Reputation: 9348
Part of a html is structured as below. I want to get the job “title” and “time” from it. I can get them separately, like:
from bs4 import BeautifulSoup
pages = '<div class="content"> \
<a href="Org"> \
<h3 class="title"> \
Dep. Manager</h3> \
</a> \
<div class="contributor"></div> \
<p>John</p> \
<time class="time"> \
<span class="timestamp">May 02 2016</span> \
</time> \
</div>'
soup = BeautifulSoup(pages, "lxml")
soup.prettify()
s = soup.find_all(class_ = "title")[0]
t = soup.find_all('span', class_ = "timestamp")[0].text.strip()
pp_title = s.text.strip()
print t
print (pp_title)
It returns me that wanted.
Dep. Manager
May 02 2016
For the "time", I want another way to get it, as the “time” is always below the “title”. I tried this line to get the “time”, it doesn’t work.

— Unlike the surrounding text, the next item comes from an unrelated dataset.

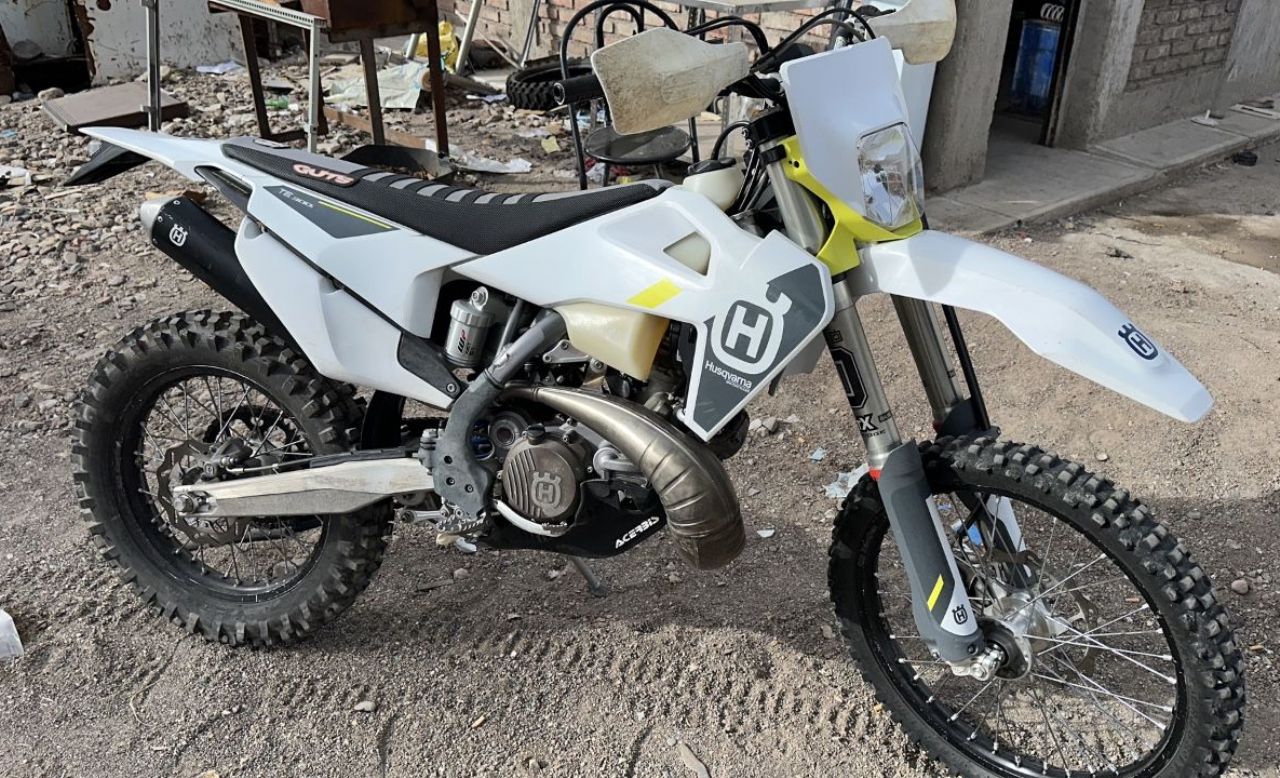 Husqvarna TE Usada en Mendoza, deRuedas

print (s.parent.next_sibling.next_sibling)
What’s the right way to get the “time” from the relationship to “title”? thank you.
Upvotes: 1
Views: 1202
Reputation: 84465
Select for the shared parent then grab the children by class. Assumes parent always has both. You can change selector to ensure has both if required.

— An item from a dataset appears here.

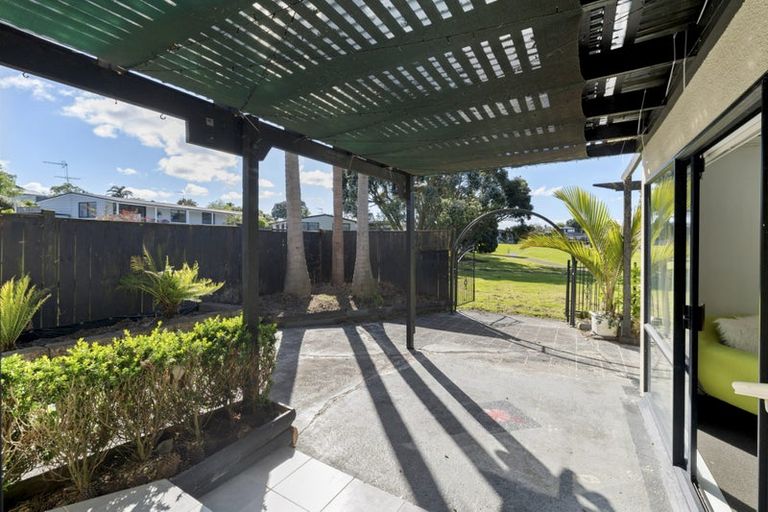 Photo of property in 1/16 Dalmahoy Place, Wattle Downs, Auckland, 2103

from bs4 import BeautifulSoup as bs
html = '''
<div class="content"> \
<a href="Org"> \
<h3 class="title"> \
Dep. Manager</h3> \
</a> \
<div class="contributor"></div> \
<p>John</p> \
<time class="time"> \
<span class="timestamp">May 02 2016</span> \
</time> \
</div>
'''
soup = bs(html, 'lxml')
items = [i.text.strip() for i in soup.select('.content:has(.title) .title, .content:has(.title) .timestamp')]
print(items)
Upvotes: 1
Reputation: 71451
You can use soup.find_all
with re
:
import re
from bs4 import BeautifulSoup as soup
result = [i.get_text(strip=True) for i in soup(pages, 'html.parser').find_all(re.compile('h3|span'), {'class':re.compile('title|timestamp')})]
Output:
['Dep. Manager', 'May 02 2016']
Upvotes: 1
Reputation: 314
I don't know whether the issue lies in the string you are providing or somewhere else, but every other call to next_sibling
returns u' '
. So I tried this:
s.parent.next_sibling.next_sibling.next_sibling.next_sibling.next_sibling.next_sibling.findChildren()[0]

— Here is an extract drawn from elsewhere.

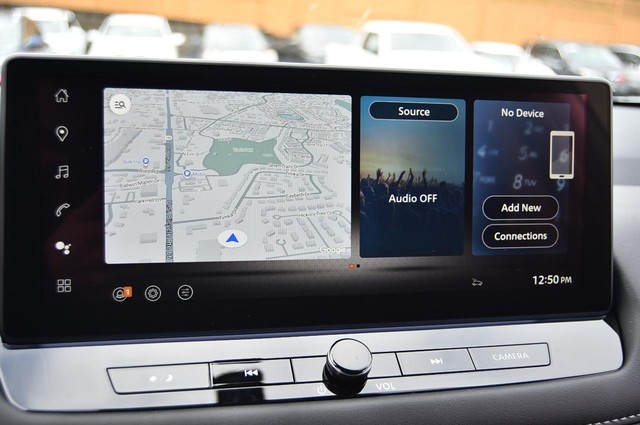 Nissan Rogue Vehicle Image 18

I know it's long, but it gets the job done.
Upvotes: 1
Reputation: 12255
You can findParent
with specifying details:
t = s.findParent("div", class_='content').find('span', class_='timestamp').text.strip()
Example:
titles = soup.find_all(class_="title")
for title in titles:
timestamp = title.findParent("div", class_='content').find('span', class_='timestamp').text.strip()
print(title.text.strip(), timestamp)
Upvotes: 2